What this task involves
Beginning with the first line of the entries below, quote each line until you reach and include the line with "Anel Meia Aliança".

Extracted data entries
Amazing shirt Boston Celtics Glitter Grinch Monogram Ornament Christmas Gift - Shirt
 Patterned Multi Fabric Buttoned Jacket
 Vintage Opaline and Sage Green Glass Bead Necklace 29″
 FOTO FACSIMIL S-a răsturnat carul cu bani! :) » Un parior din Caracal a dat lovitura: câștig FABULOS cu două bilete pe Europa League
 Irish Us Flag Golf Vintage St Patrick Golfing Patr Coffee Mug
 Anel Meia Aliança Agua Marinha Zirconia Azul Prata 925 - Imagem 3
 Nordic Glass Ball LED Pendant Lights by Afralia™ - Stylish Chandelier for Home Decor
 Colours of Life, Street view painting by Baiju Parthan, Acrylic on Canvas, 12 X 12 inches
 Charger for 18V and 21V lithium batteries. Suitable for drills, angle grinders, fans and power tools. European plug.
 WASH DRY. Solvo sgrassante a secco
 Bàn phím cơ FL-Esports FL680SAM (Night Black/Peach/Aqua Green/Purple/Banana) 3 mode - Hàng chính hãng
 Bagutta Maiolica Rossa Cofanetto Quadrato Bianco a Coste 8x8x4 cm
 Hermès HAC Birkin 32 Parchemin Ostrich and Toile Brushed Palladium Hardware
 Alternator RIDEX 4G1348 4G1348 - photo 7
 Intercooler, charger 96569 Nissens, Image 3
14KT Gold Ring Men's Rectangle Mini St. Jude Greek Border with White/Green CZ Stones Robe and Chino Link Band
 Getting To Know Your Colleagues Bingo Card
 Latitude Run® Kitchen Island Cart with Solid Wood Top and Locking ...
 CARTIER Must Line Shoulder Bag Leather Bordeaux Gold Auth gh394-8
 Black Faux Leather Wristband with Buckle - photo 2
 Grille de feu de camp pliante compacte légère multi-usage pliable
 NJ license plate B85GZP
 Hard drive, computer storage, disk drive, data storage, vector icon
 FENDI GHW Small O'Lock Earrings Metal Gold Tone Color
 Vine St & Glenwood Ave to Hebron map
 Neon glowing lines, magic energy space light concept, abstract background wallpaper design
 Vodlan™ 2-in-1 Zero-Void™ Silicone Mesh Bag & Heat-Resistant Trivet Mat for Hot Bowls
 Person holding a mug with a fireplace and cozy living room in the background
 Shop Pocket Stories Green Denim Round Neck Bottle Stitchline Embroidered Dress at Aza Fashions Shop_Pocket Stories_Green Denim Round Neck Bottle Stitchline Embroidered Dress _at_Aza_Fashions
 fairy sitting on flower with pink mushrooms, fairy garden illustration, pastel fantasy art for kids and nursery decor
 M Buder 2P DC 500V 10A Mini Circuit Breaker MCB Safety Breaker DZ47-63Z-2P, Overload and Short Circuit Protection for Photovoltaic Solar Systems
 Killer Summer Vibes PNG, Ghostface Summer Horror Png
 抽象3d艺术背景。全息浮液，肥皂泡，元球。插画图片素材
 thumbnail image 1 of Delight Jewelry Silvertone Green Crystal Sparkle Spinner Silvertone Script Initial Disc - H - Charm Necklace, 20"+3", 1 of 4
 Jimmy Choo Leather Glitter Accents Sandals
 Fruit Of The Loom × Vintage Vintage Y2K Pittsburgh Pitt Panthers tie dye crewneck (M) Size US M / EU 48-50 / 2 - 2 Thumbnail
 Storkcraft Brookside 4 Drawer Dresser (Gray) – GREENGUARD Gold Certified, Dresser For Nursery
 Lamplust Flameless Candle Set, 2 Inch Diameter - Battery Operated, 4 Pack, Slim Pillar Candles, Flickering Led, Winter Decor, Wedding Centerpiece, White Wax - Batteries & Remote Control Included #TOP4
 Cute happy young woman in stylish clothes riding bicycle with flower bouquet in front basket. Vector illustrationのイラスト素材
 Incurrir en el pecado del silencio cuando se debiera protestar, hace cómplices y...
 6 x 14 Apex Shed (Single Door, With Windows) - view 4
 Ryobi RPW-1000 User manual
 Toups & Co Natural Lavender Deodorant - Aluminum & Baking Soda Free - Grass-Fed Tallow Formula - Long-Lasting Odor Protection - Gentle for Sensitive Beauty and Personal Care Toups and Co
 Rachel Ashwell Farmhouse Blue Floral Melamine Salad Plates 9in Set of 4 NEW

Task answer
Amazing shirt Boston Celtics Glitter Grinch Monogram Ornament Christmas Gift - Shirt
 Patterned Multi Fabric Buttoned Jacket
 Vintage Opaline and Sage Green Glass Bead Necklace 29″
 FOTO FACSIMIL S-a răsturnat carul cu bani! :) » Un parior din Caracal a dat lovitura: câștig FABULOS cu două bilete pe Europa League
 Irish Us Flag Golf Vintage St Patrick Golfing Patr Coffee Mug
 Anel Meia Aliança Agua Marinha Zirconia Azul Prata 925 - Imagem 3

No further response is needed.